*Required action*: Leave out the pictures and retype, exactly, the lines below from the line with "puki_hot – webcam" up to and including the line with "Bạo loạn bóng đá tràn lan ở Brazil", nothing more.

*Records to process*:
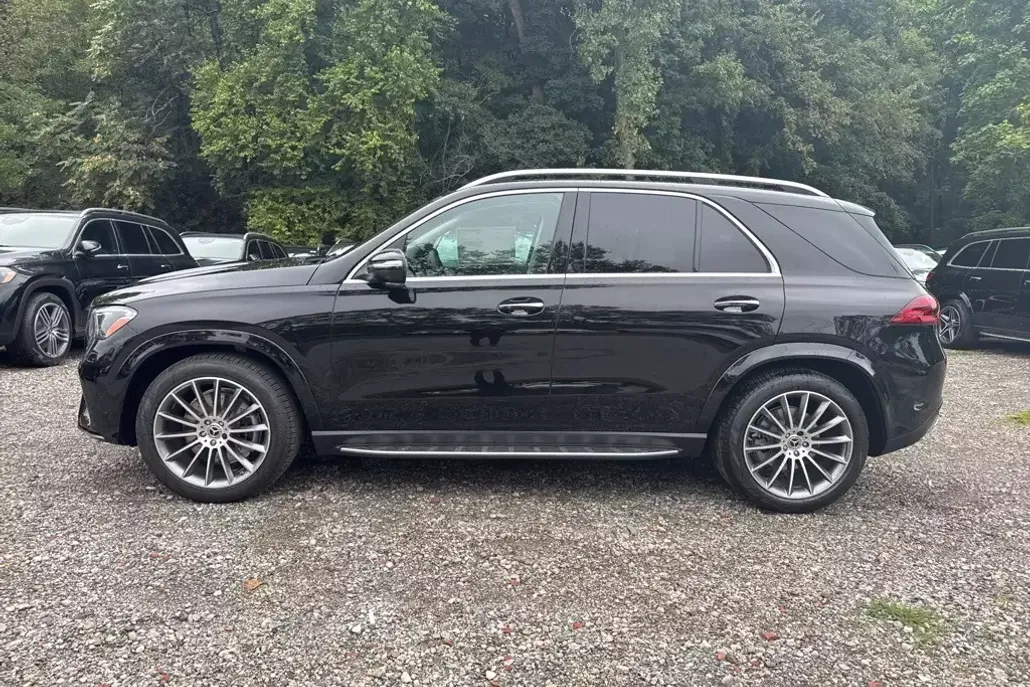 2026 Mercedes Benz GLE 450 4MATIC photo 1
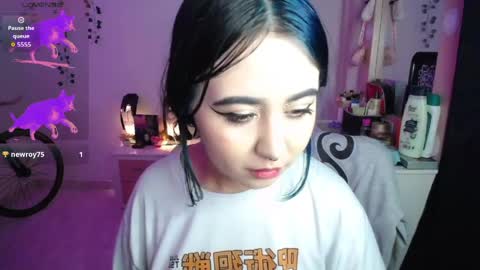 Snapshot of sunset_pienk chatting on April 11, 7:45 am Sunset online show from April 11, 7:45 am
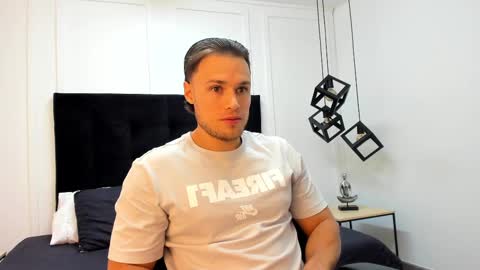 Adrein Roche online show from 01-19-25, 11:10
* * *
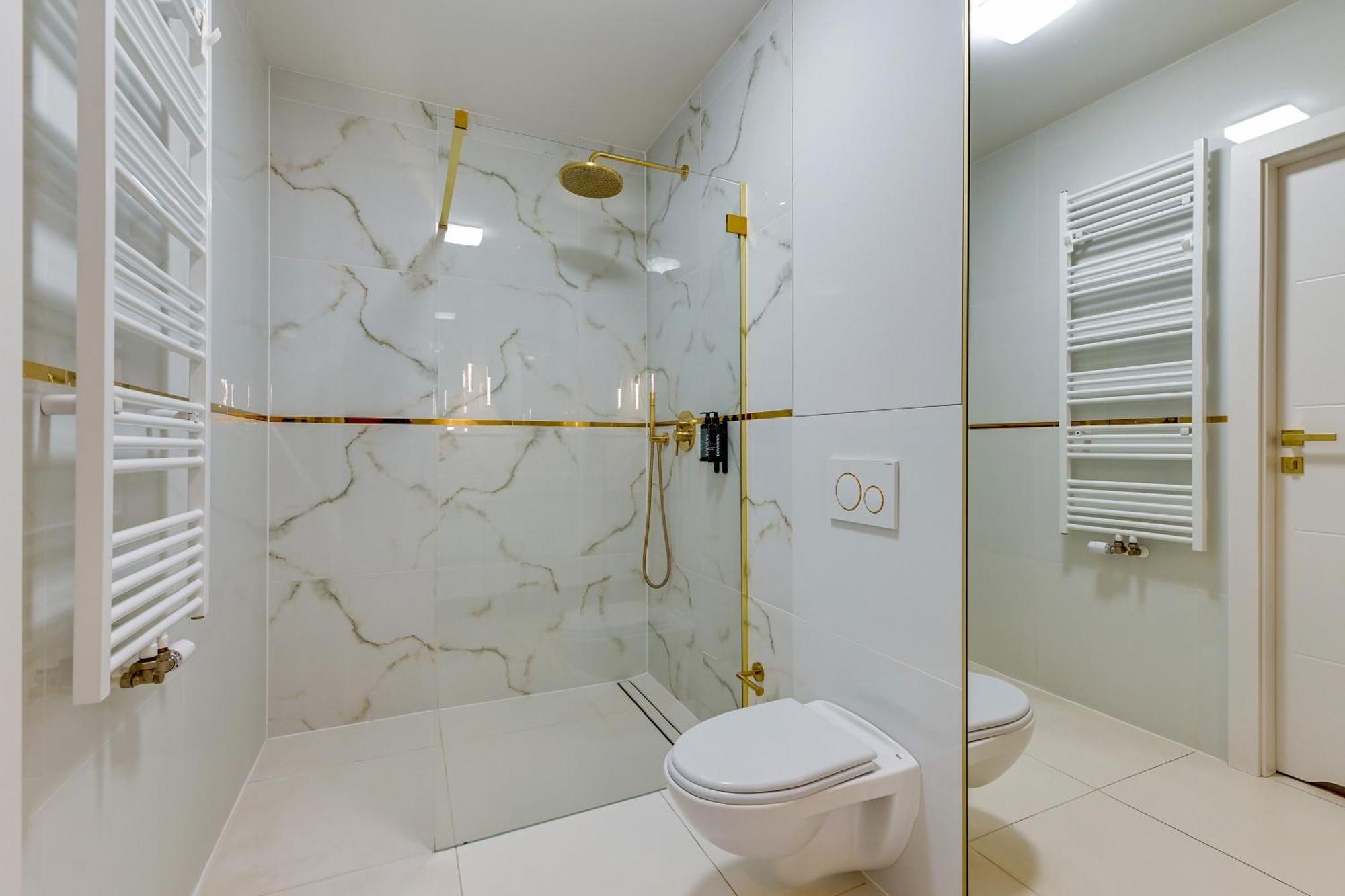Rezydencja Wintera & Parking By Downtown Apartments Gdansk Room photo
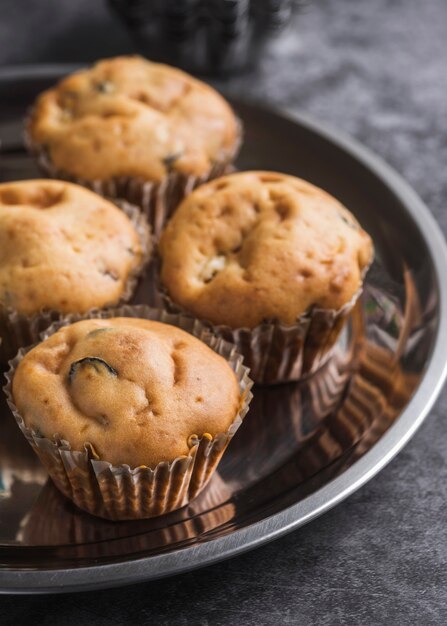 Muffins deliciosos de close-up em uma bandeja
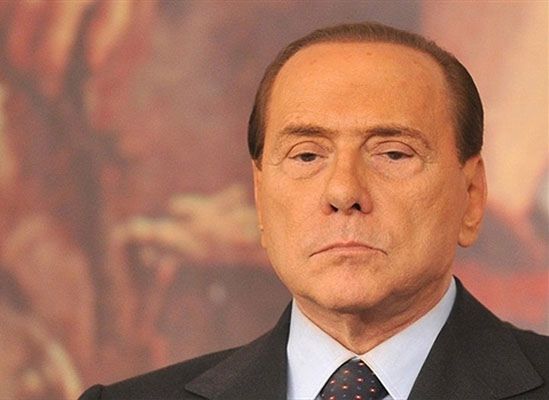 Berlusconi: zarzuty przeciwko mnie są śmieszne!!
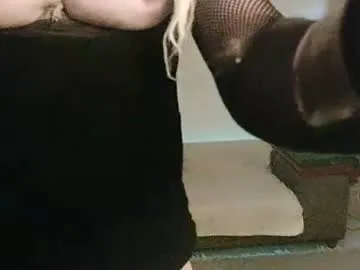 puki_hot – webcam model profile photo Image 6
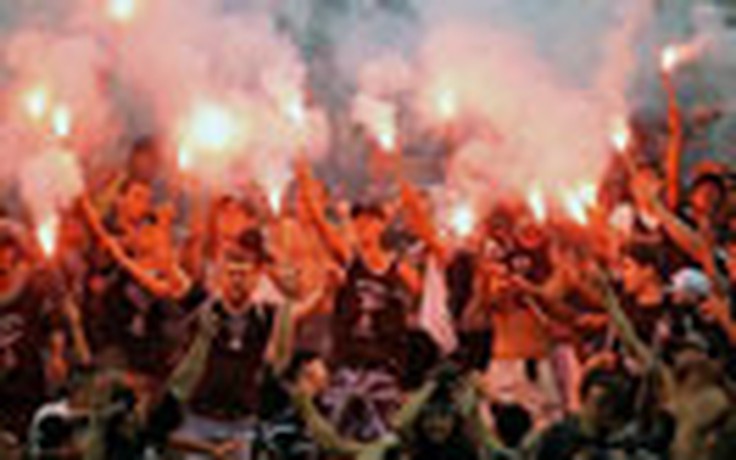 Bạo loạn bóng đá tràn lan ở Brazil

*Output below*:
 puki_hot – webcam model profile photo Image 6
 Bạo loạn bóng đá tràn lan ở Brazil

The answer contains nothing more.